The hottest tracks of the summer also can guide our writing. By following the principles of a hit song, writing can transform from something dull and forgettable to something that’s exciting and impactful.
A hit song first needs a great rhythm. Take Drake’s “One Dance,” the current leader of the summer charts. As soon as the staccato piano notes merge with the electronic beats, it’s hard to sit still. The central rhythm runs throughout the song, but it’s also varied — which helps to keep the listener engaged.
Writing, too, should have a rhythm. When read aloud, the piece should flow seamlessly. But it also needs variety. Try substantiating a point with a few long, legato sentences. Then insert a punchy remark. The varied rhythm will stick out to the reader — and drive the point home.

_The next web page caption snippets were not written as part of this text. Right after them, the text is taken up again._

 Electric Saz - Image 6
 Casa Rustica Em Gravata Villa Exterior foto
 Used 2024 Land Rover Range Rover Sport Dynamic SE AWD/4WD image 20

From Sir Mix-A-Lot’s “Baby Got Back” to Katy Perry’s “I Kissed a Girl,” top summer songs also tell a relatable story.
A great oped also should appeal to a specific audience and frame its point in a story arc. It needs to have a catchy beginning (“Oh my god, Becky” has been a running joke for 14 years now), a sticky middle (you’re probably singing the chorus to “I Kissed a Girl” right now), and a show-stopping end.
Finally, songs win the summer crown if they evoke emotion. Listening to Beyoncé’s “Crazy in Love” on repeat might make us confess to our crush. Iggy Azalea’s “Fancy” might leave us feeling rebellious and booking a flight to Tokyo. And Sam Smith’s “Stay with Me” might prompt us to wipe away a tear.
The best opeds should make their readers feel something. If a reader comes away feeling angry, excited, or motivated, then you’ve done your job.